Holzkonstruktionen haben Vorteile – nicht zuletzt auch ökologische. Foto: A. Schambeck/photothek.net

Mehrere Jahre hat sich Weinstadt (Rems-Murr-Kreis) im Rahmen der Holzbauoffensive des Landes mit Fragen des nachhaltigen Bauens anhand von Praxisbeispielen beschäftigt. Jetzt liegen die Ergebnisse vor.

Wie kann eine Kommune nachhaltiges Bauen mit Holz fördern? Mehr als drei Jahren Jahre hat Weinstadt daran gearbeitet, Antworten auf diese zentrale Frage im Rahmen der Holzbauoffensive des Landes zu finden – gemeinsam mit drei renommierten Holzbau-Experten: dem Architekten und Professor Peter Cheret, dem Bauphysiker Heiko Fischer vom Tübinger Büro ebök und Florian Knappe vom Institut für Energie- und Umweltforschung in Heidelberg.

 

Als eine von 18 Kommunen war die Stadt für das Förderprojekt ausgewählt worden. Jetzt liegen die Ergebnisse vor. Rund 100 Seiten stark ist die Broschüre, in der Weinstadt diese kommunalen Entscheidungsträgern, zukünftige Häuslesbauern und Bauträger gleichermaßen darlegt. „Das Ziel der Ausarbeitung war nicht noch eine theoretische Handreichung, die in komplizierter Sprache eine komplexe Materie bespricht und nur Fachkreisen weiterhilft“, erklärt dazu Dennis Folk, der Leiter des Stadtplanungsamts.
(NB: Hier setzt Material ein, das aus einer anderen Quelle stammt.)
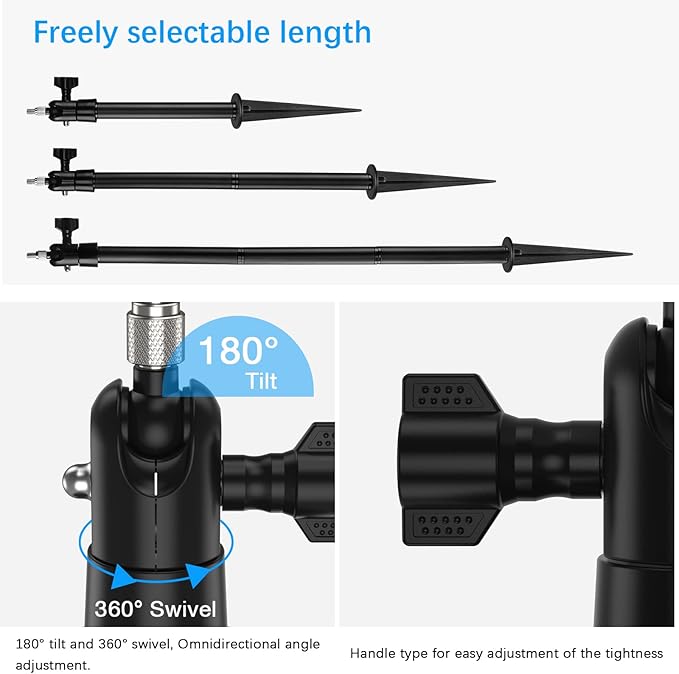 HOLACA Spike Pole Mount Ground Stake and Weatherproof Silicone Skin for Ring Stick Up Cam Battery HD Security Camera(3rd Generation), Suitable for Stake into Soft Ground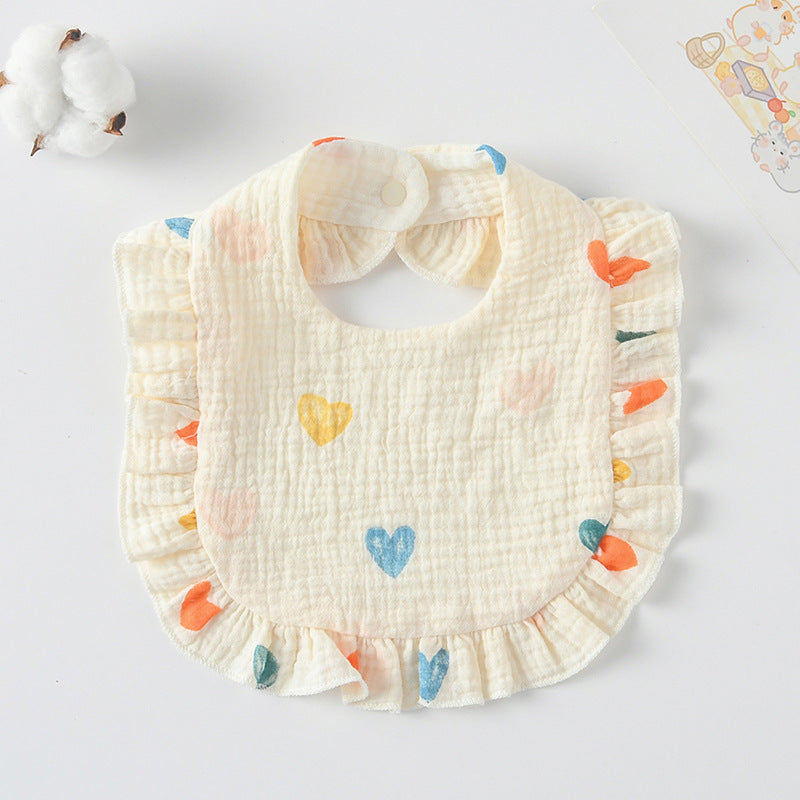 Baby Ruffled Cotton Bib – Printed Gauze Lace Absorbent Feeding Bib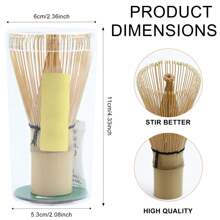 Batidor de matcha, batidor de té de bambú natural, herramienta tradicional para batir matcha, batidor para la ceremonia del té, herramientas para preparar matcha latte, té, chocolate caliente, frappé y latte.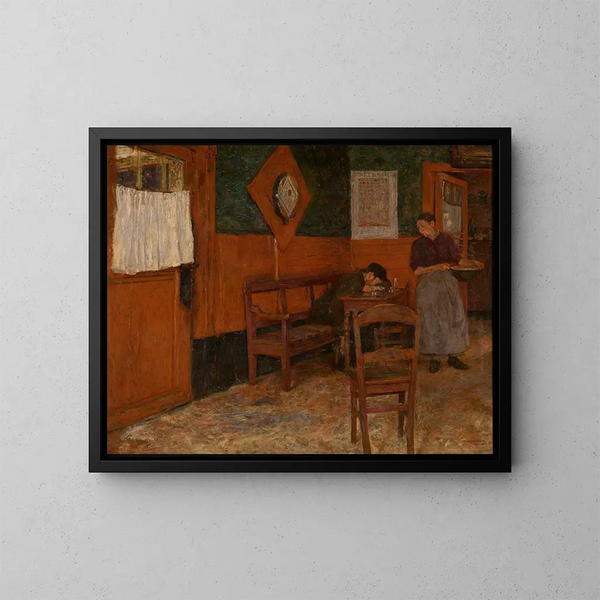 L'Auberge rouge - Charles Mertens — inramlat konstverk på väggen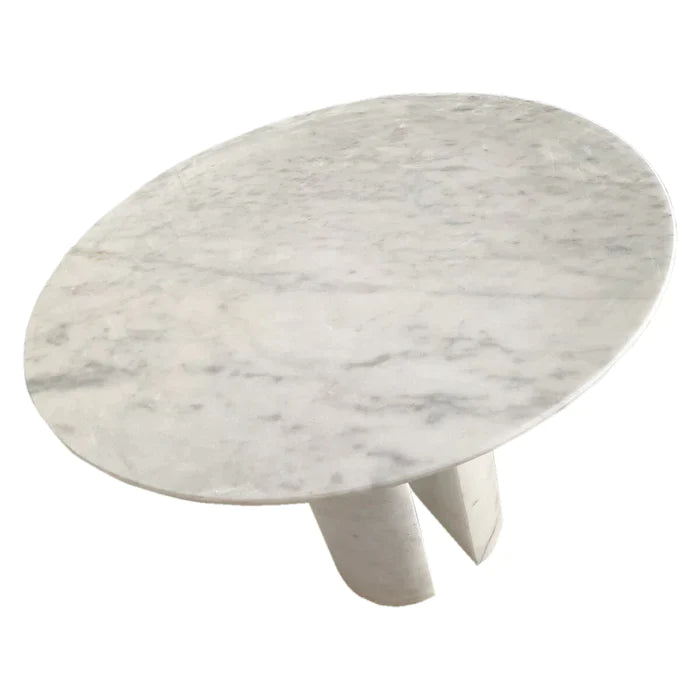 Carrara White Marble End/Side Table with Marble Legs Polished (D)18" (H)22"
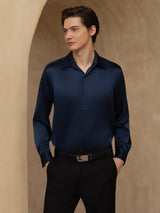 [Dark Blue] SilkSilky 19Momme Stretch Silk Charmeuse Long Sleeve Lapel Collar Men's Shirt 001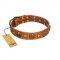 "Call of Feat" FDT Artisan Tan Leather Swiss Mountain Dog Collar with Old Bronze-like Studs and Oval Brooches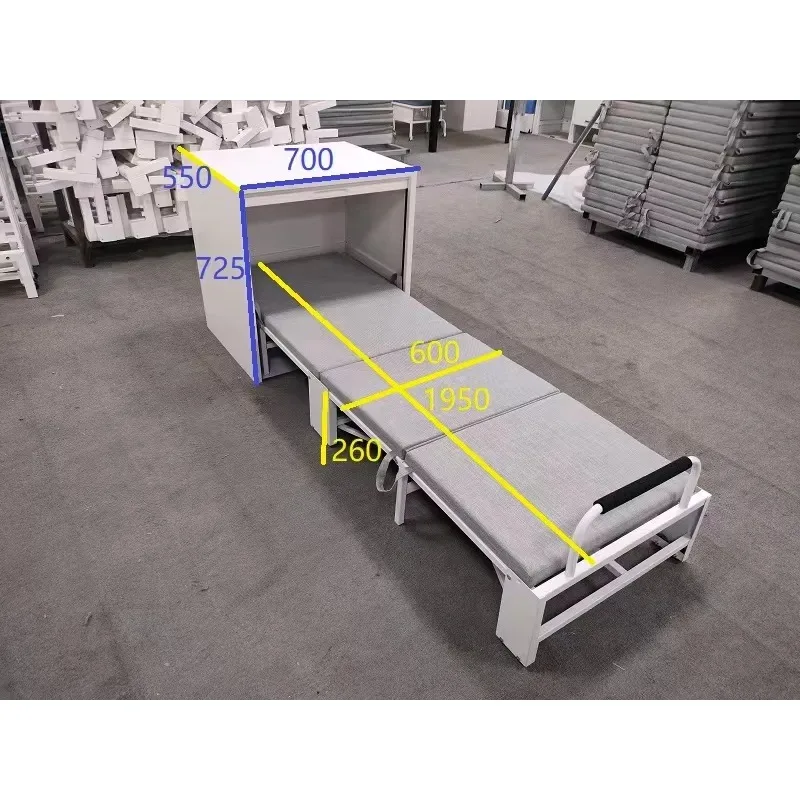 New design, durable, minimalist style, modern modular folding bed, metal frame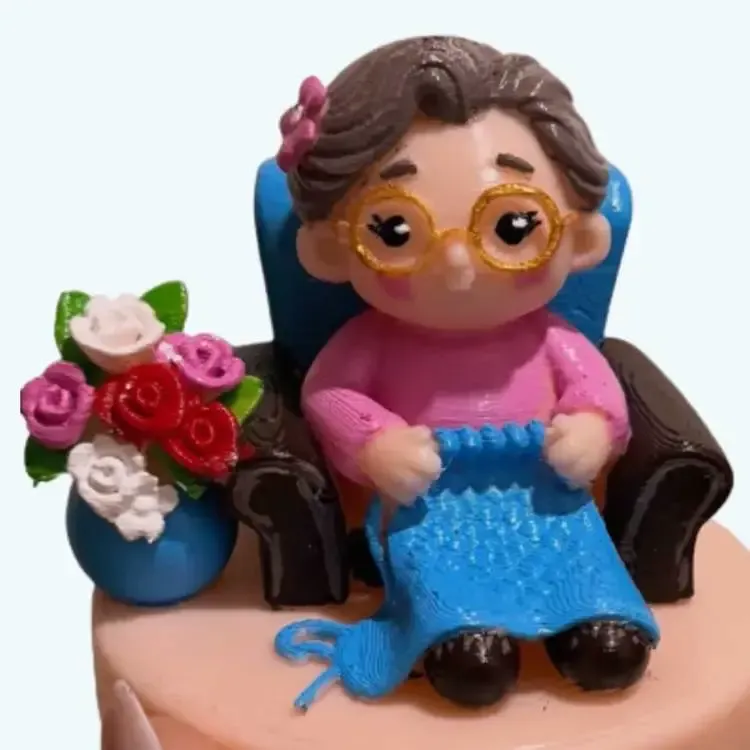 Grandmother knitting ornament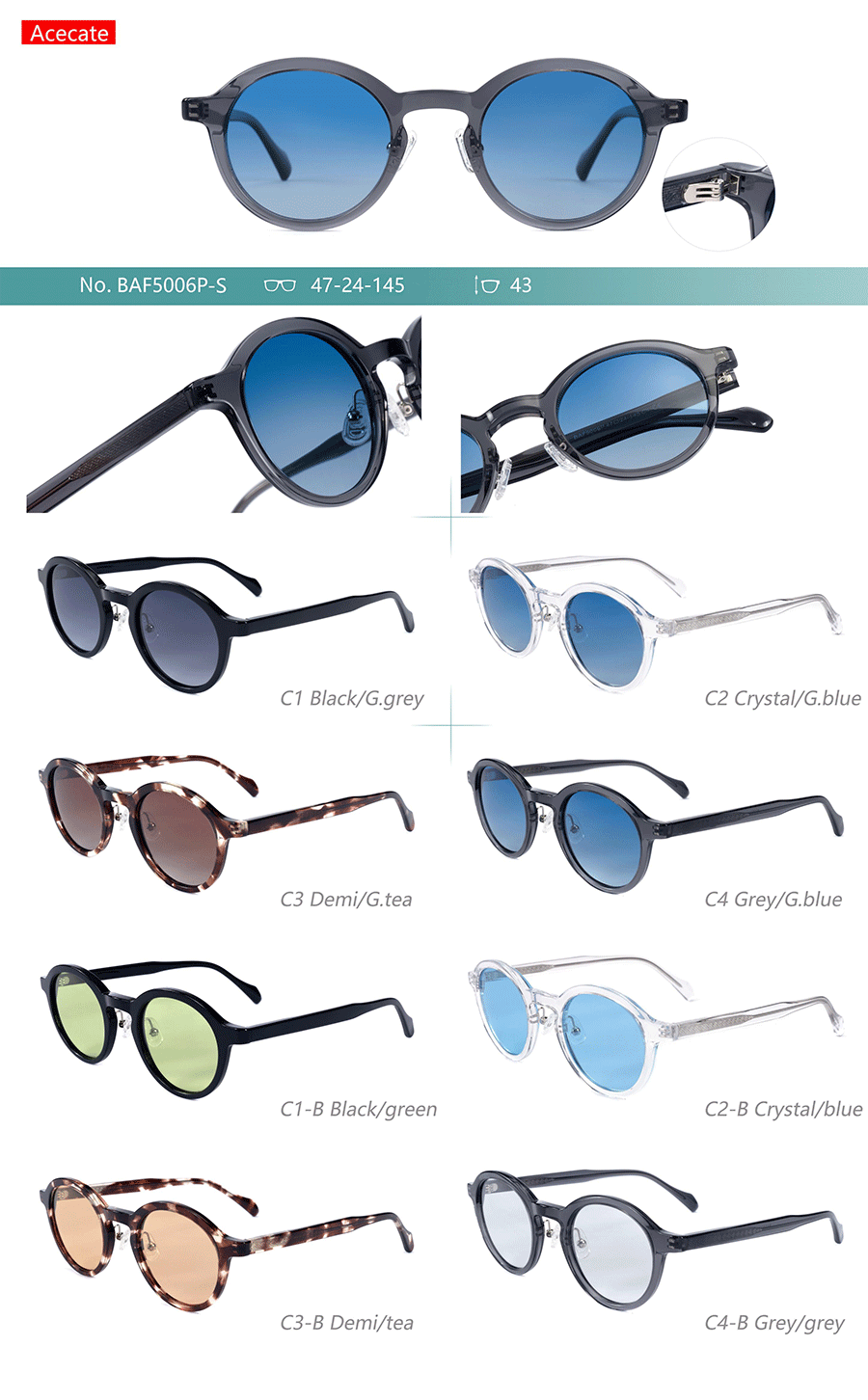 Wholesale Acetate Sunglasses-BAF5006PS Lunettes de soleil en acétate en gros-BAF5006PS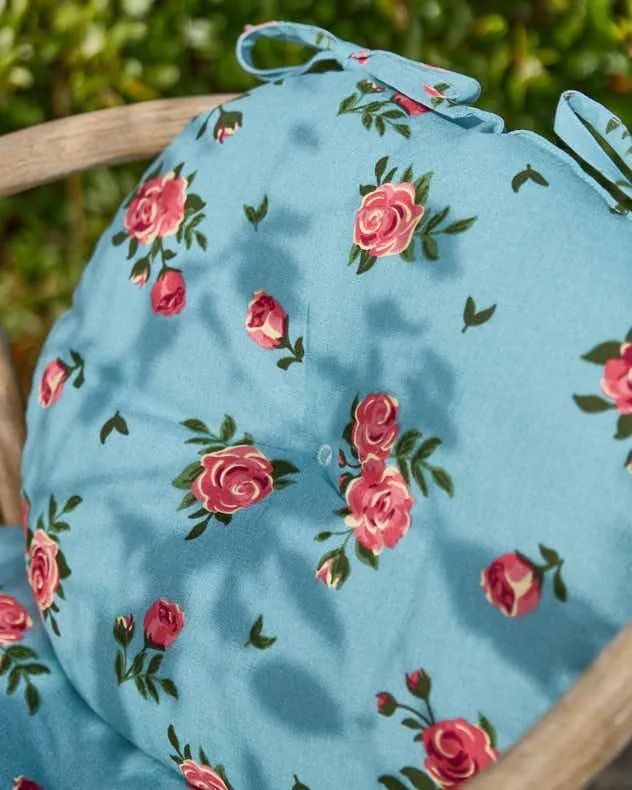Dibor Set of 2 Blue Rose Round Summer Outdoor Garden Chair Seat Pad Cushions Dia 40cm 3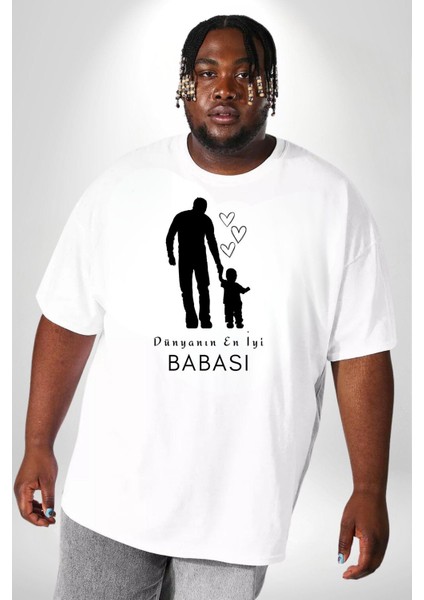 Babalar Günü Dünyanın En Iyi Babası Beyaz Büyük Beden Kadın Erkek Ünisex Basic Ön Baskılı Tişört indirimleri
Stattdessen wolle man damit alle Beteiligten und auch die Bürgerschaft mit ins Boot holen.

Dabei zielte das Förderprojekt vor allem auf die konzeptionelle und instrumentelle Ebene ab. Wichtige Frage hierbei, so Folk: „Wo stehen Entscheidungsträgern Handlungsfelder offen, um Holzbau zu integrieren?“ Dazu habe man mit bekannten Instrumenten von den großen Entwicklungsschritten bis ins kleine Detail durchdekliniert, wo nachhaltiges Bauen Einfluss haben könne – und das nicht nur theoretisch, sondern parallel auch anhand konkreter Beispielprojekte aus der Praxis. So habe man für das Wohngebiets Brückenstraße in Großheppach mit einem Konzeptvergabe Ideen für eine Neubebauung in Holz gesammelt, sich mit einer Konversion der neuapostolischen Kirche in Großheppach im Bestand beschäftigt und mit einer Bewertungsmatrix für nachhaltiges Bauen bei der Grundstücksvergabe im Baugebiet Furchgasse in Schnait.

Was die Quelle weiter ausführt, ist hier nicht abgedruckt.